In an effort to attract the most qualified employees, employers sometimes make promises that they cannot keep. But what may once have been considered harmless exaggeration by employers can now be the basis for a costly lawsuit. Several recent cases have held that employers can be liable for fraud if their representations about a job do not pan out.
Overstating earning potential costs employer over $1.2 million
In a recent case, an employer that overstated an applicant’s earning potential was hit with a $1.2 million damage award. The employee in that case earned $5,800 to $5,900 a month at his old job. He applied for a new job and, during the interview, told the employer that he needed to earn at least $5,700 a month. The employer then pulled out a financial statement, made some calculations, and stated that if the employee had been with the company between January and September of 1999, he would have made $70,000 (which would have been well over $5,700 a month). Based on this representation, the employee accepted a position with the new employer and quit his old job. In his first three months of employment, however, his monthly paychecks amounted to $4,400, $5,100, and $4,800 respectively. The employee complained but received no response, and shortly thereafter was fired. Although he re-applied for a job with his old employer, it had a strict no-rehire policy. He eventually found another job that paid less than $4,000 a month.
The employee sued for fraud, arguing that the employer falsely promised him a salary of at least $5,700 per month, and that he left his old job in reliance on that promise. The jury agreed with the employee and awarded him $490,913 in economic damages, $50,000 for pain and suffering, and $1.5 million in punitive damages, which the trial court later reduced to $675,000. In upholding the jury’s decision, the appellate court noted that the employee was entitled to recover the income he lost when he left his old job in reliance on the employer’s false promise about salary, so long as such damages were not speculative or remote.
Employer can be liable if it overstates job security
In another case, an employee claimed he was induced to leave a steady job in New York for a new job in California based on false promises of job security. The employee earned $120,000 a year in New York as the president of a small family-owned company. He was actively recruited by a California company that wanted him to accept a job as its general manager. During the recruitment process, the employee told the employer he was concerned about giving up a secure job and moving his family across the country. He asked the employer to assure him that his job would be secure. In response to these concerns, the employer told him that he would continue to be employed so long as he performed his job well and achieved certain goals. The employer also told the employee that that the company was strong financially and that it anticipated solid growth and a stable and profitable future. The employee ultimately accepted the new position and moved his family to California.

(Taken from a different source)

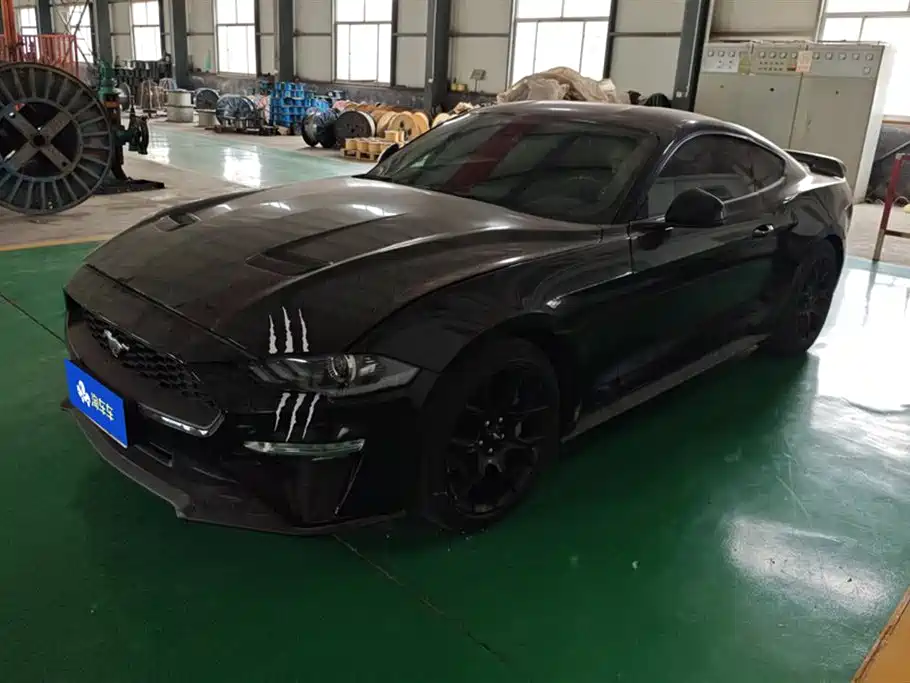 Ford Mustang 2019 — фото 1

Approximately two years later, the employee was terminated. He was told that his job was being eliminated because of a management reorganization, and that the termination had nothing to do with his performance. The employee sued the employer for, among other things, fraud. The court found that the employee could state a claim for fraud if he could prove that the employer induced him to leave his job in New York by making promises that it knew it could not keep. The court also held that, if the employee could prove his fraud claim, he would be entitled to recover the costs of moving to California and the loss of job security and income associated with his former job in New York.
Tips to Follow
As these cases make clear, employers can be held liable if their representations to prospective employees later prove to be false. In order to avoid costly lawsuits, here are some tips to follow when interviewing employees and extending job offers:
• Provide training to interviewers so they do not misrepresent the employer’s financial condition or the applicant’s salary potential or job responsibilities.
• Review all job postings carefully to ensure that you are not making any unintended or unauthorized promises.
• Write down the terms and conditions of a prospective employee’s employment in a detailed offer letter.
• Use two interviewers at once, since this provides an employer with a witness if a dispute later arises.
The bottom line: Do not make promises you cannot keep.